Твайн положил запонки на свою огромную ладонь и подошел к креслу Селии.
– Не можете ли вы мне сказать, мисс, была ли та жемчужина, которую нашел Рикки, похожа на эти. Может быть, вы помните, какой у нее был вид? – спросил он.
– Мне кажется, она была такая же, – с легким сомнением ответила Селия. – Во всяком случае, такого же странного цвета – серого с зеленоватым оттенком.
– К сожалению, это очень мало дает, – улыбнулся Твайн. – Ну, ничего. Мы все же отыщем эту жемчужину. – Он обернулся к Хайсу. – Мисс Лоринг предполагает, что жемчужина выскользнула из ее сумочки, когда автомобиль сбил ее с ног. Если так, то мы ее найдем, у кого бы она ни находилась. Мы пустим в ход все средства: перероем все ломбарды, предложим крупное вознаграждение. Однако мне пора, я не стану вас больше задерживать, милорд.
Он попрощался с Селией.
– Благодарю вас за то, что вы приняли меня, мисс. – В дверях он на мгновенье задержался и обратился к Хайсу:
– Не можете ли вы уделить мне несколько минут, милорд? Я задержу вас очень недолго.

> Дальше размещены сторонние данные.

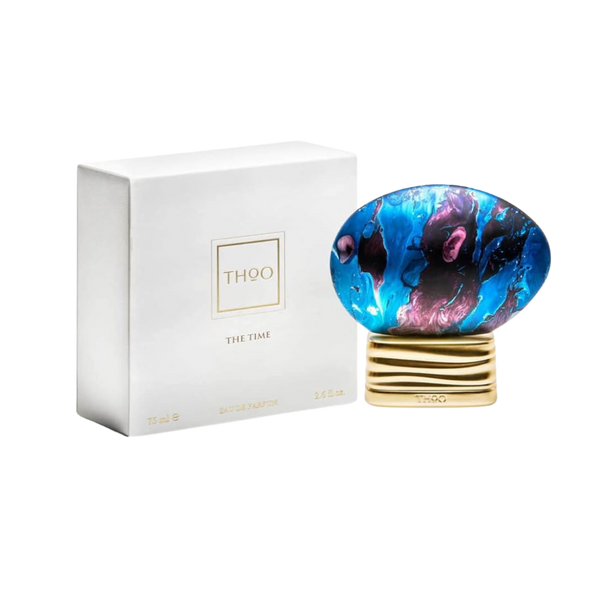 The House of Oud The Timeザハウスオブウード ザタイム The House Of Oud The Time Eau de Parfum - Felix Online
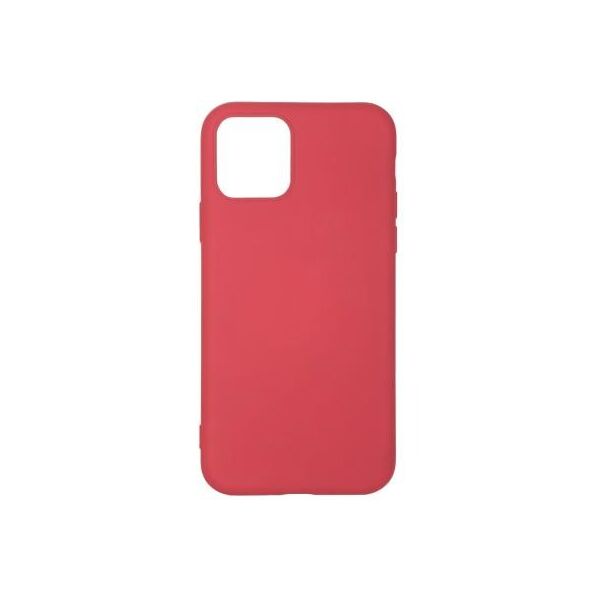 

Чехол для моб. телефона Armorstandart ICON Case Apple iPhone 11 Red (ARM56430)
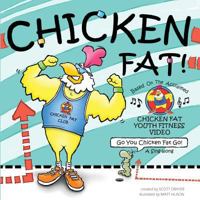 Chicken Fat 1727768027 Book Cover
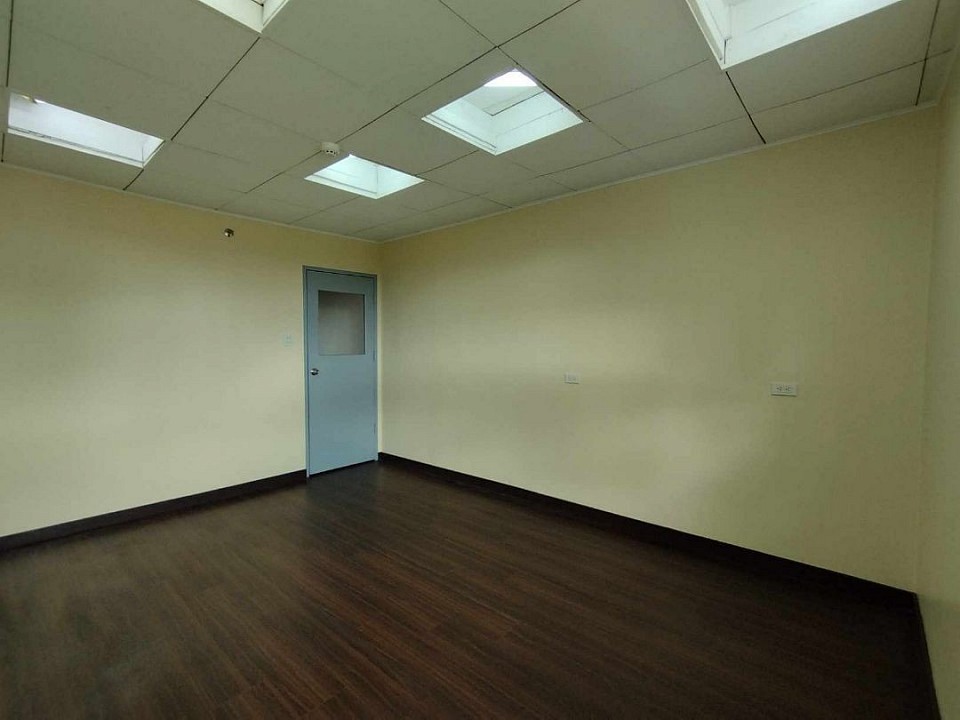 The Studio eventually became a dedicated space for artistic learning.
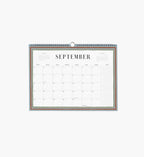 Cloverpaperco™ - 2027 Appointment Calendar - Paisley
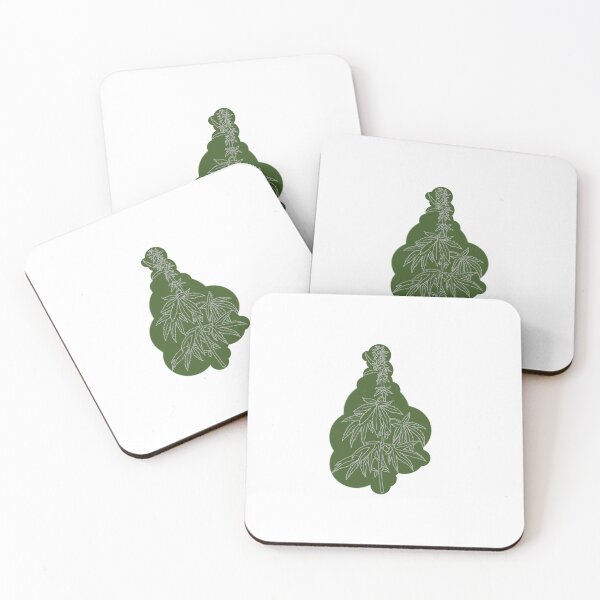 Item preview, Mary jane plant  designed and sold by Cl1998.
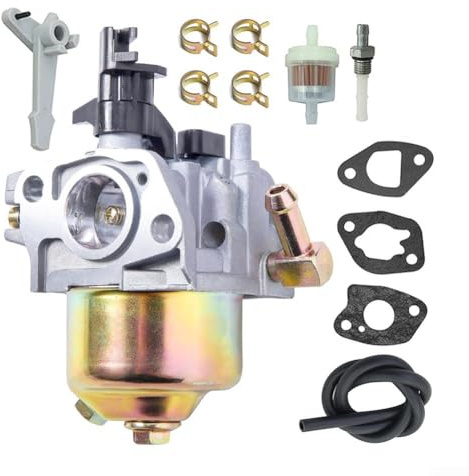Carburador para cortacésped TroyBilt, una opción fiable para rotottillers, sopladores de hojas y astilladoras de madera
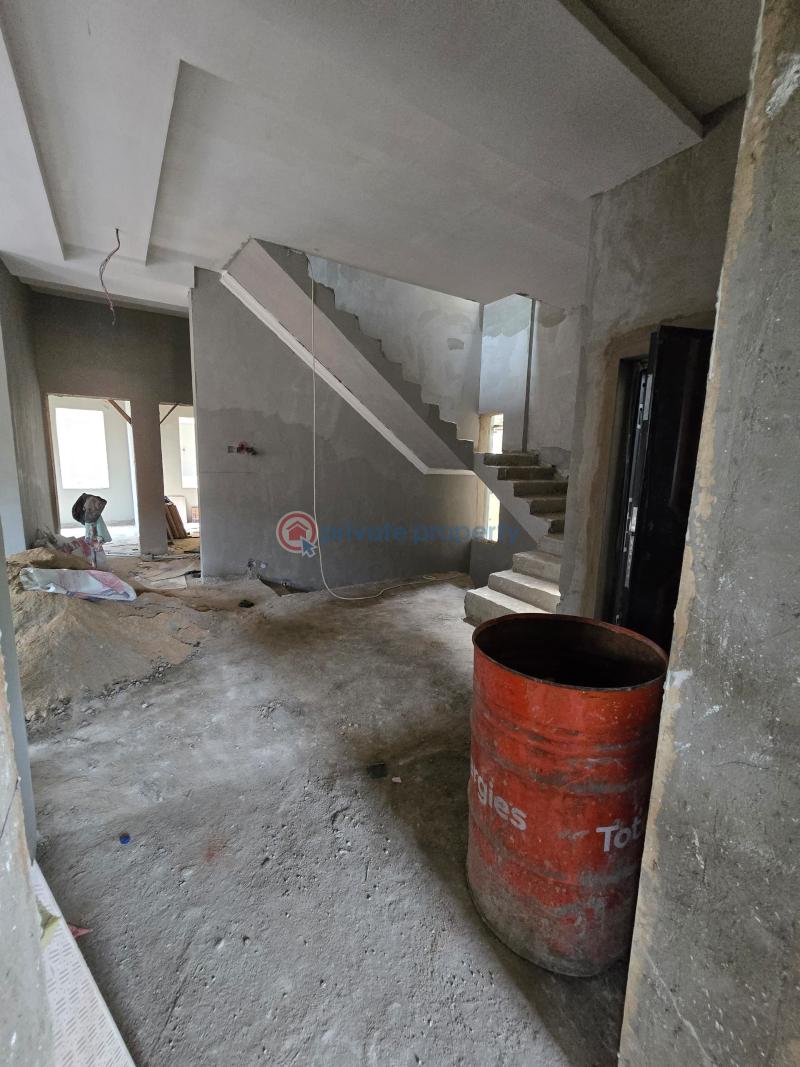 5 bedroom Detached Duplex For Sale Gbagada Estate Gbagada Phase 2 Lagos - 12
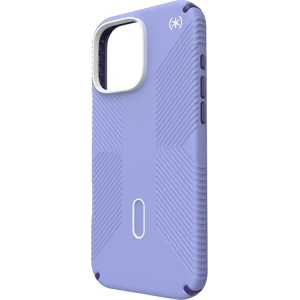 Hurtownia GSM - Etui Speck Presidio2 Grip ClickLock & MagSafe Apple iPhone 16 Pro Max (Jövő levendula / Cassis lila / Fehér) - SPK677 - {ean13} - Hurt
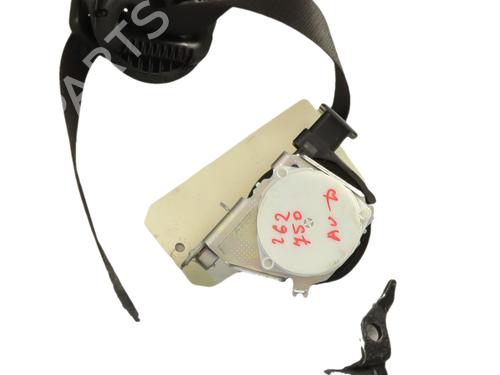 Front right seatbelt BMW X1 (E84) xDrive 20 d | BP39079037I25 - Image 2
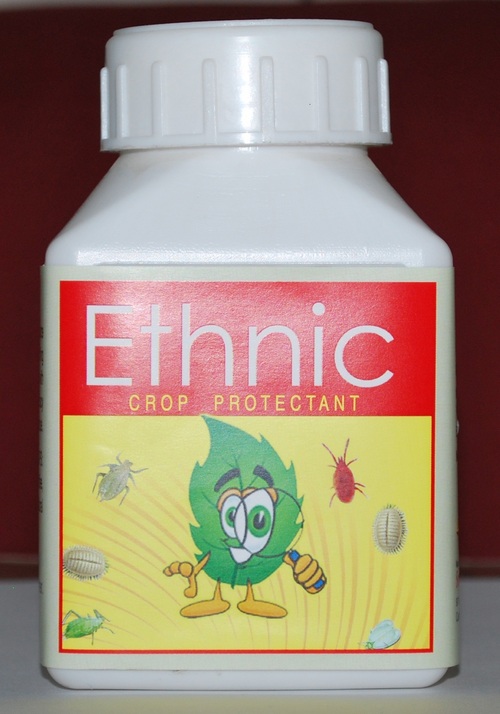 Ethnic Pesticides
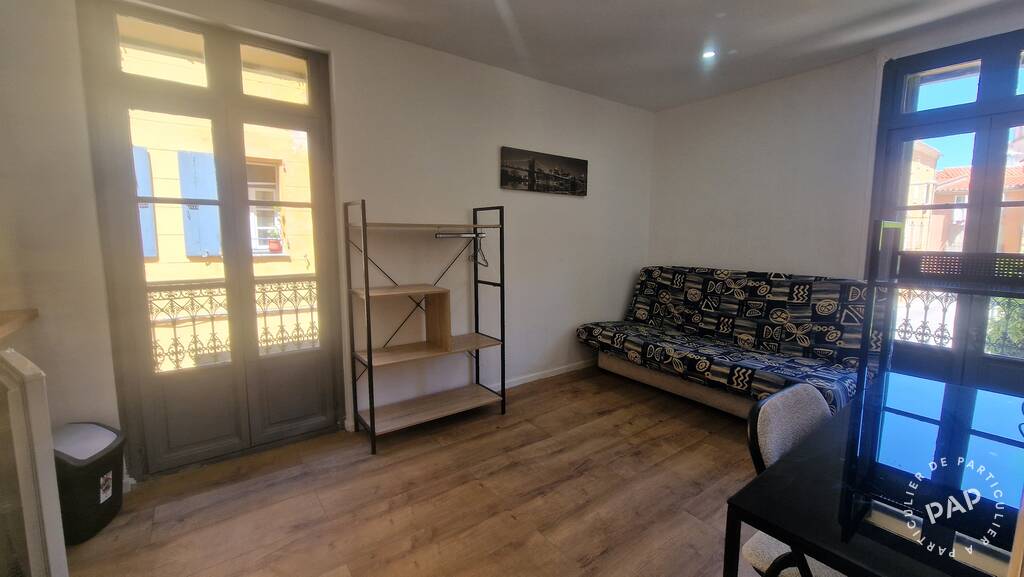 Maison Avenue Paul Alduy à Perpignan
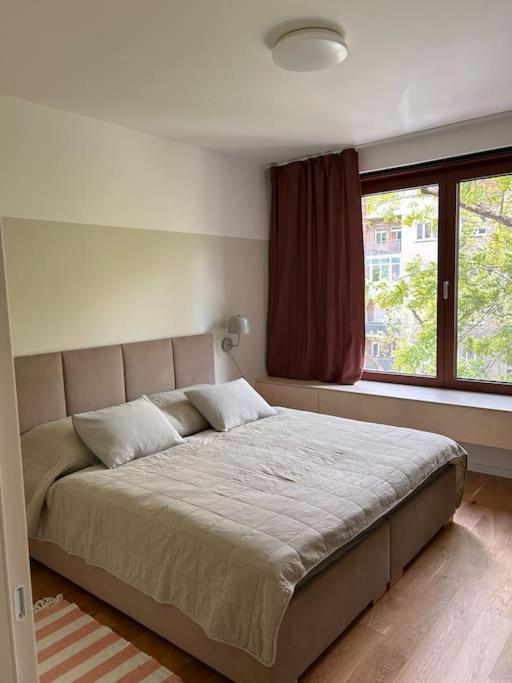 Zwirn, Free Parking, 24/7 Access Appartamento Bratislava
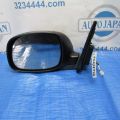 87940-0C070-D0 | Дзеркало лів. TOYOTA SEQUOIA 01-07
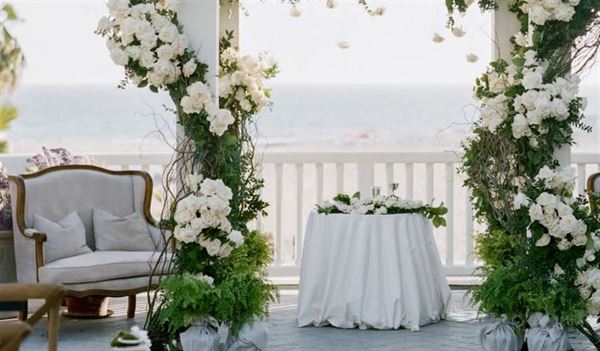 Shutters on the Beach
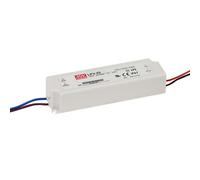 Mean Well - LPV-35-36 - 35Watt 12 V - Alimentatori LED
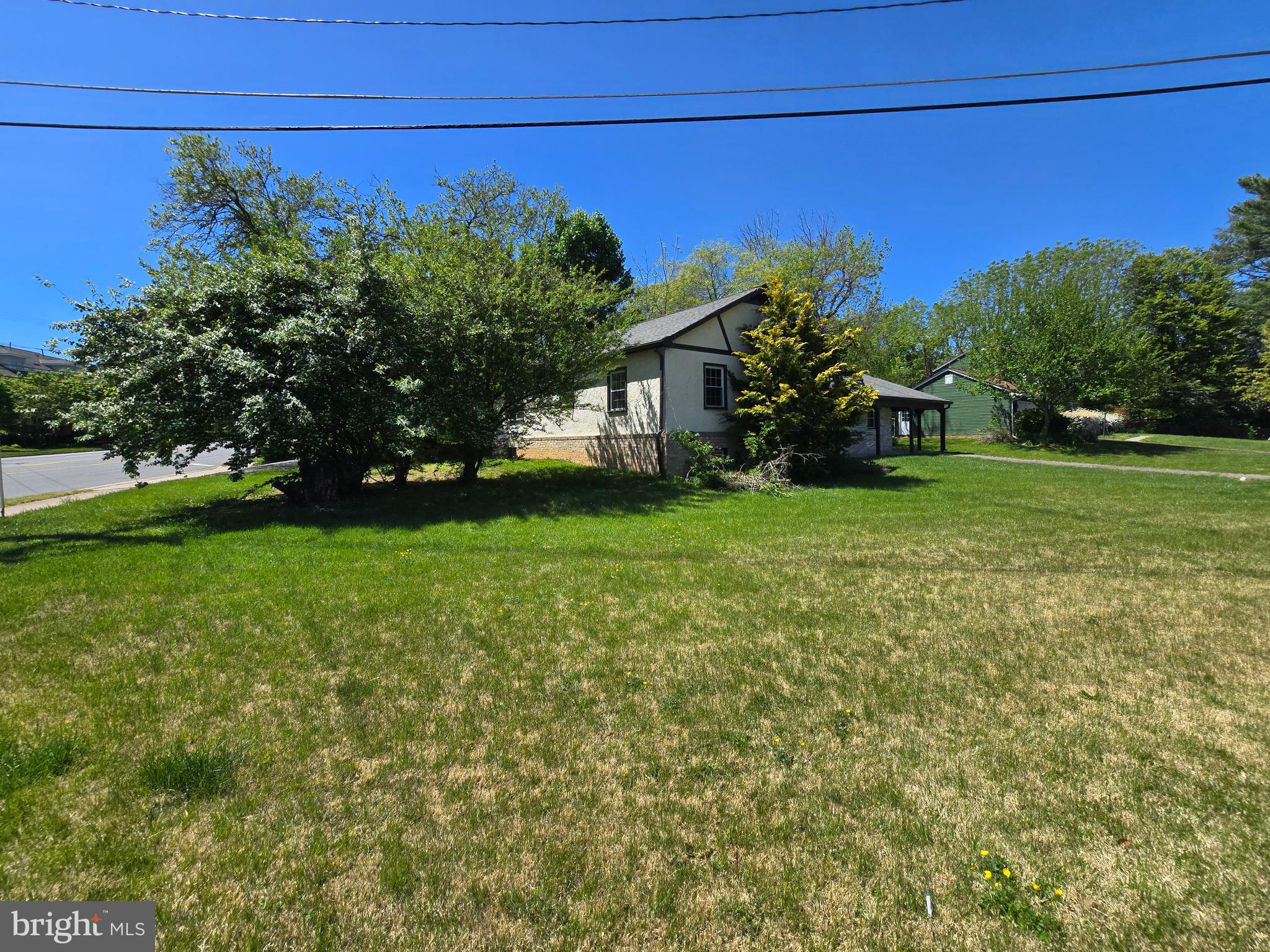 WEST MC LEAN - Residential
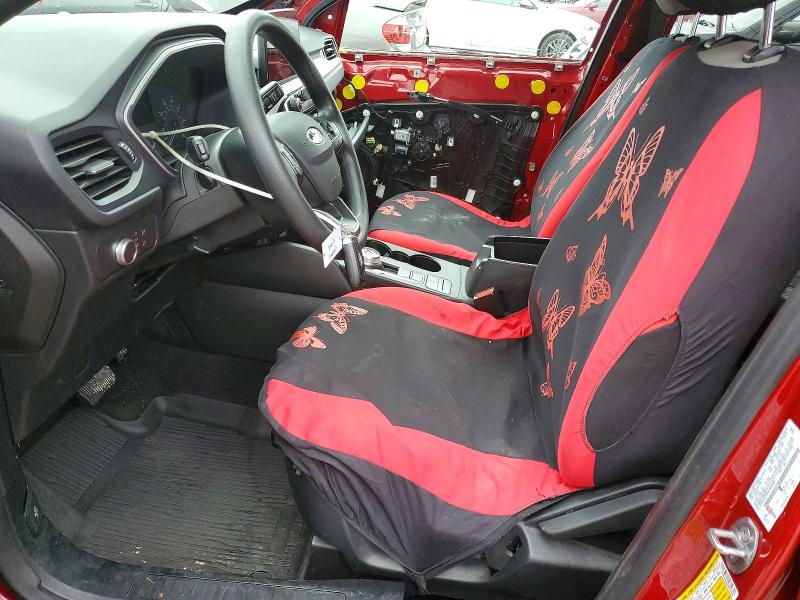 Aukcja sprzedaży 2022 Ford Escape, vin: 1FMCU9G60NUB22868, numer aukcji: 46849146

– Пожалуйста, – согласился Хайс, выходя вслед за инспектором на широкую площадку лестницы.
– Пройдемте в кабинет, – предложил он.
– Спасибо, милорд.
Маленькая комната была вся залита солнечным светом и напоена благоуханием цветов.
– Хотите сигару? – предложил Хайс.
– Нет, благодарю вас, милорд. Я хотел бы получить другое, если вы ничего не имеете против.
Он подошел к Хайсу и протянул свою большую руку.
Их взгляды встретились: в них не было ни страха, ни угрозы. В них была настойчивость, выражение железной воли, сила…
– Я бы хотел получить ту черную жемчужину, которую нашел Рикки, – добавил Твайн.